Первый комический образ во всем театре Шекспира сравним по богатству содержания лишь с «загадочным» Гамлетом, первым среди образов трагических, — неизвестно, в ком из двух гений Шекспира проявился с большей мощью. Жизнерадостный рыцарь, однако, в отличие от меланхолического принца, никогда и никому не казался загадочным. Между Гамлетом и Фальстафом есть и та разница, что отношение к трагическому герою, благородному воплощению Мыслящего Человека (Homo sapiens), как правило, было у аудитории более или менее однородным; менялось только понимание образа, его трагического содержания, причин медлительности, нерешительности, терзаний, меланхолии Гамлета. Напротив, как раз в понимании внутреннего содержания образа Фальстафа, того, «чем живет» толстый рыцарь (как и внешнего облика, для Гамлета всегда спорного, начиная с возраста, а для Фальстафа бесспорного), — как будто все сходятся; в партии Фальстафа нет ни одной загадочной ноты, реплики, поступка. Но всегда, различно отношение (положительное или отрицательное) к комическому герою, к Играющему Человеку (Homo ludens) у зрителей, читателей, критиков. Как различно и отношение к Фальстафу персонажей самой пьесы, начиная от строгих судей в высоком, историческом, плане действия и кончая восхищенными поклонниками в нижнем, бытовом — Шеллоу, миссис Куикли или Бардольф, который после смерти своего патрона восклицает: «Хотел бы я быть с ним, где бы он был сейчас, на небесах или в аду...» Ибо это отношение, все-различное у людей, к Природе в буйной игре отпущенных волю сил, к «играющей Природе», основному источнику комического у Шекспира. Гамлет и Фальстаф в театре художника Возрождения — как бы воплощения духа и плоти человеческой.

2

По сути, это означает, что и понимание образа Фальстафа в исках, постижение его жизненной и художественной основы, также неоднородно. Многогранный (не менее, чем Гамлет), несравненный по богатству колорита образ находил в критике разные истолкования. В поисках генезиса Фальстафа исследователи приходили к многочисленным историко-национальным и традиционно-художественным истокам, свидетельствующим о неисчерпаемом богатстве этого великого образа.

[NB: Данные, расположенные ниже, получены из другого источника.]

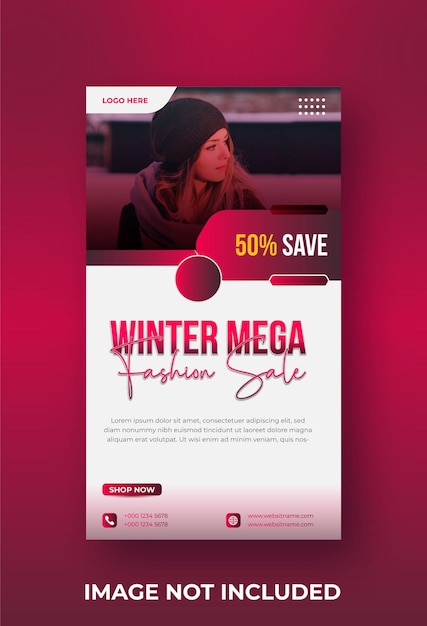 Wintercollectie mode verkoop nieuwjaar luxe mode verkoop sociale media instagram verhaalsjabloon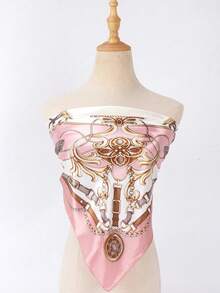 1pc Women's Light Pink Printed Satin Square Scarf, Fashionable Outdoor Headband Or Hair Scarf Suitable For Spring/Summer Season Bandana,Hair Band,Head Band Ideal For Dressing Up Your Look Winter Fall  Paisley    Boho    Polyester - 粉色 - 查看 8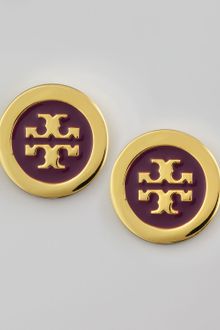 Tory Burch Enamelfill Logo Earrings Fuchsia - Lyst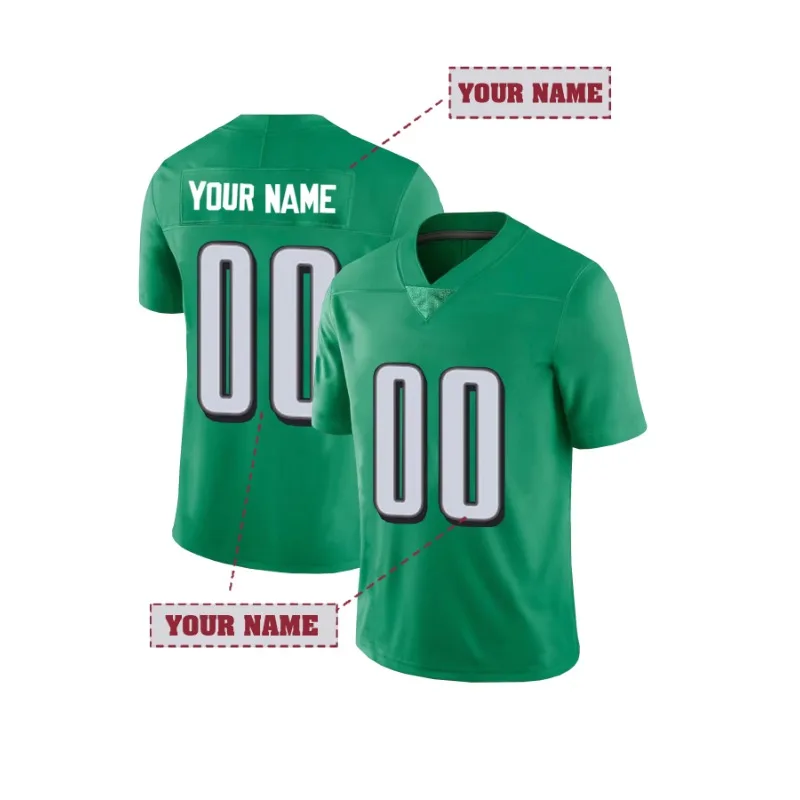 Customized Name And Number Men's Embroidered American Football Jersey Philadelphia Green V-Neck Personalized Short Sleeved Shirt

Как персонаж исторической драмы, Фальстаф восходит к исторически реальному сэру Джону Олдкаслу, главарю секты лоллардов и мученику, от которого Генрих V, став королем, отрекся — согласно анонимной хронике Джон Олдкасл был участником кутежей молодого принца. Шекспир вывел его еще в «Первой Части Генриха VI» под именем Фастолфа (смешав Олдкасла с другим историческим лицом) как труса, покинувшего поле битвы, где сражался герой Толбот, ибо Фастолфу, по его словам, «собственная жизнь дороже Толбота». Впоследствии Шекспир, то ли поняв свою ошибку, то ли под влиянием протестов со стороны потомков Олдкасла4, в эпилоге ко «Второй Части Генриха IV» уже заверяет, что «Олдкасл, который умер смертью мученика, совсем другое лицо», чем его Фальстаф. Некоторая связь шекспировского героя с вождем лоллардов все же сохранилась — не только в деталях, но и в общем облике, во фрондерстве Фальстафа, в непочтительности к обоим Генрихам, отцу и сыну, ревностным гонителям лоллардов, хотя расходится Фальстаф с королями уже отнюдь не по религиозным вопросам. Друг принца Гарри стал у Шекспира деклассированным рыцарем, бесчестным трусом, хвастуном и паразитом — в плане социально-бытовом. А в плане религиозно-этическом — нечестивым эпикурейцем, олицетворением Порока и Безбожия, по словам Генриха IV в бесподобной театрально-игровой сцене «Первой Части», где короля играет его собственный сын (II, 4).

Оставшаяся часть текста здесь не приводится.